Se la tendenza della politica industriale dovesse diffondersi in Svizzera, sarebbe utile gettare uno sguardo al nostro passato. Difatti, dalla storia dell’economia della Svizzera emergono numerose avventure di politica industriale, tutte fallite. Nel XX secolo, la determinazione dei prezzi e la preclusione del mercato hanno portato a prezzi più alti per i consumatori e paralizzato la competitività dell’economia per decenni. Inoltre, come viene spiegato in dettaglio nello studio, la Confederazione ha fatto male i conti riguardo alla promozione delle tecnologie del futuro, ad esempio nello sviluppo di un reattore nucleare svizzero negli anni Sessanta del 1900.

Per pochi anziché per tutti

La politica industriale aiuta principalmente le aziende o i settori favoriti dalla politica a spese dei concorrenti, dei consumatori e dei contribuenti. Una volta introdotta, è difficile fare marcia indietro, in quanto gli interessi dei beneficiari possono diventare molto forti. Inoltre, tali interventi rallentano l’innovazione e distorcono la concorrenza. Per Lukas Schmid, co-autore dello studio, una cosa è chiara: «La politica industriale non è una strada percorribile per la Svizzera nell’ottica di un futuro all’insegna della prosperità. La Svizzera deve invece rimanere una piazza attraente, mantenendo un’elevata qualità e curando le proprie condizioni quadro economiche.»

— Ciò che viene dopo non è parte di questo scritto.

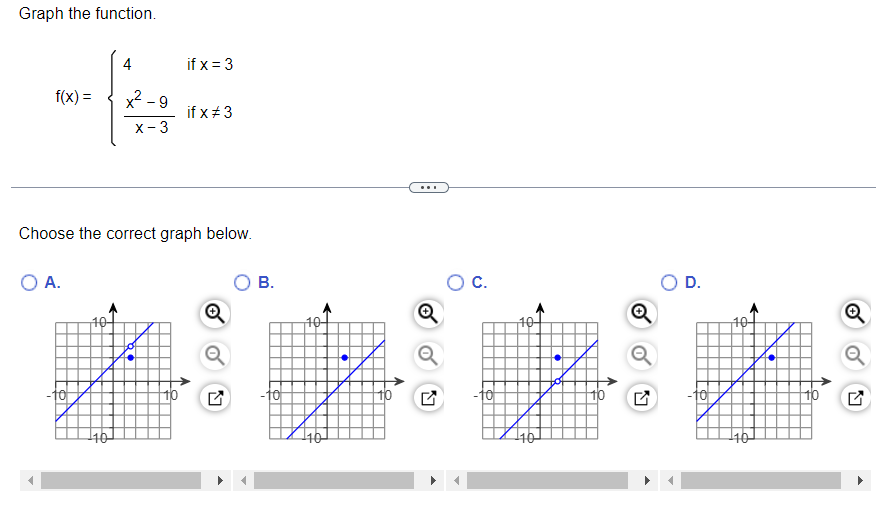 = if x $ 2 -5+ 2x if x > 2 Choose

Gli obiettivi perseguiti con la politica industriale possono essere raggiunti in modo più efficiente. Se venissero cancellati tutte le sovvenzioni per i combustibili fossili (attualmente 260 franchi pro capite all’anno) e gli sgravi distorsivi a favore delle imprese ad alta intensità energetica (ad esempio l’esenzione dalla tassa sul CO2), la protezione del clima ne gioverebbe. Infine, il prezzo delle emissioni di CO2 dovrebbe essere determinato e rimborsato alla popolazione.

Per mantenere la sicurezza dell’approvvigionamento è necessario ottimizzare l’attuale sistema di scorte obbligatorie in Svizzera. È inoltre auspicabile che il settore privato riduca le dipendenze unilaterali attraverso catene del valore meglio distribuite. Ma questo processo è in corso da diverso tempo e non è quindi necessario partecipare alla corsa ai finanziamenti per le tecnologie chiave.